Snobbery comes in many forms. It can be because someone feels superior because he or she comes from a particular social background or a branded school, college, university and profession. Or it can be because you feel superior to those who can’t speak English or, even if they can, their accent is different. It can be because you happen to hold particular political views. Or because you wear certain fabrics. Or because you drink only certain whiskies and eat only salmon. And often because of where you live.

There are many institutions that encourage snobbery. A ‘St’ something as the name of your school and college is still preferred. One well-known ­British university is a terrible offender in this regard. It has four castes: undergraduates, post-graduates, doctoral candidates and foreigners. And this is in the descending order. I was astonished to hear this. They said we don’t know where the last three come from but undergraduates, we choose them, they are the crème de la crème.

The worst, of course, are people like me who combine all of these things, except maybe one or two. But I make no bones about it: I am a snob who feels others should be grateful if I allow them to befriend me. I reserve this attitude, however, only for men. So imagine my chagrin when the other day I not only met an even bigger snob than me but also two women who had been in my class in college who said I had been insufferable in those days.

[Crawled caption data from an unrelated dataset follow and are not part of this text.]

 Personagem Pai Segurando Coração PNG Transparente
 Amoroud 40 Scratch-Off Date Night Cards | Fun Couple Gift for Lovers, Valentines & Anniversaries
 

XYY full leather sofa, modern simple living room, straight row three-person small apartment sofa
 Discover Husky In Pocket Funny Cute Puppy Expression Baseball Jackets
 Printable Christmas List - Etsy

It dented my self-image.

I am a snob who feels others should be grateful if I allow them to befriend me. I reserve this attitude, however, only for men.

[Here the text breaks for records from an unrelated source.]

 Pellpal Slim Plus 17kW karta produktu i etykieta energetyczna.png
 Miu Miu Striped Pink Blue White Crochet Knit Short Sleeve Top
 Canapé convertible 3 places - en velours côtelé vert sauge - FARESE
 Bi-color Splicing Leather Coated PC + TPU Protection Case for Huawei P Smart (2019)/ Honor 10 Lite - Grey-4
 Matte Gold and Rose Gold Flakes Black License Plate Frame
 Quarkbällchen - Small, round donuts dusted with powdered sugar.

The fellow who was an even bigger snob than I sniggered when I told him I lived in Gurgaon which is adjacent to Delhi but in Haryana. “Oh, the suburbs,” he said. His meaning was clear: you didn’t count if you didn’t live in Delhi. He then asked me about my “dwelling unit”. I said you first, tell me about yours. It turned out he lived in a very posh but very crowded area in a very tiny flat in a low-rise building. I told him I lived in a three-storey house with a large garden in a ­compound that resembled a forest. But I don’t think he cared about all that. A 1,200 square foot flat with a carpet area of 1,000 in South Delhi was his idea of social superiority even if you couldn’t park a cycle anywhere. When I told my wife this, she said I was exactly like that because of my background, education and job. “You are poor as a church mouse but a snob nonetheless.” Cruel woman… but, as the Bard wrote in his play, “an ill-fav’d thing, my Lord, but mine own.”

As to the two classmates, their grievance was that I didn’t talk to them back then. But I know the truth. It wasn’t snobbery, it was just plain old shyness. And also, I must admit, an absolute lack of interest in what the girls had to say. To date, I have no idea what teenage girls talked about. So bored by them yes; snob never. Not with girls.

Since then, I have thought long and deep about snobbery. Is there a descending order of things that grades your snobbery? How many attributes must you have to be a complete snob? And how do you tell if a snob is just pretending, you know, faking it like those chaps who serve cheap alcohol in costly discarded bottles? Is class more important than caste? Why doesn’t a person’s religion induce snobbery? Skin colour, of course, is a sure-fire inducer of superiority and inferiority. And so on. There are so many questions, so few answers.